Environmental Domain Linked Features and Observations
Discovery of data related to a place or topic often requires traversal of physical or semantic links that connect the data of interest to the place or topic being studied. This session seeks applications (successful or not) that address this basic concept. A series of presentations describing the systems will be followed by a discussion of their strengths and weaknesses in order to inform future activities in this space.
Establishing and maintaining indexes of links between domain features (such as waterbodies, ecosystems and cities) that are relevant to decisions and data related to those features is a challenge we all face. There are numerous approaches that could be considered for exposing, discovering, and establishing links between environmental, hydrologic, and related features. Systems in this space tend to have components like a search engine—crawlers that index data sources, an index that can form relationships between indexed data according to relevant queries, and search services that expose indexed information in interesting ways. In the hydrology domain, this would be implemented as a search service that can traverse the river network, where other domains would have their own relevant spatial or other type of index. Recent work to standardize features in the hydrology domain has resulted in HY_Features for surface water, GWML2 for groundwater, and SoilML for soils. The Observations and Measurements standard and others that follow the same pattern of “observing" and “observed" features provides a standardized model to follow but the landscape of systems implemented to leverage this pattern is varied.

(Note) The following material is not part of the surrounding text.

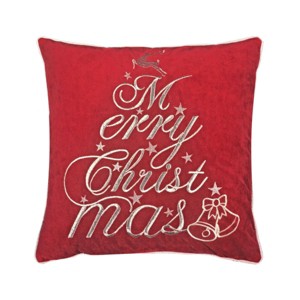 Yukimo Red Velvet Christmas Throw Pillow with Merry Christmas Embroidery, 20x20 Inch with Insert, Holiday Decorative Pillow for Couch and Bed - 1 of 4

In this session, speakers are invited to present proven methodologies for solving one or more aspects of the problem of linking domain features to each other and to observations such that users can ask questions rooted in their domain. Of special interest are methods and technologies that allow 1) a domain-specific crawler to discover information automatically, 2) an index of related features to be used in domain-relevant queries, and 3) search service APIs and data services that expose search results and data products. The session will take the form of a series of short presentations followed by a facilitated discussion. The outcomes of this session will help inform a planned OGC interoperability experiment working toward formal best practices for such systems.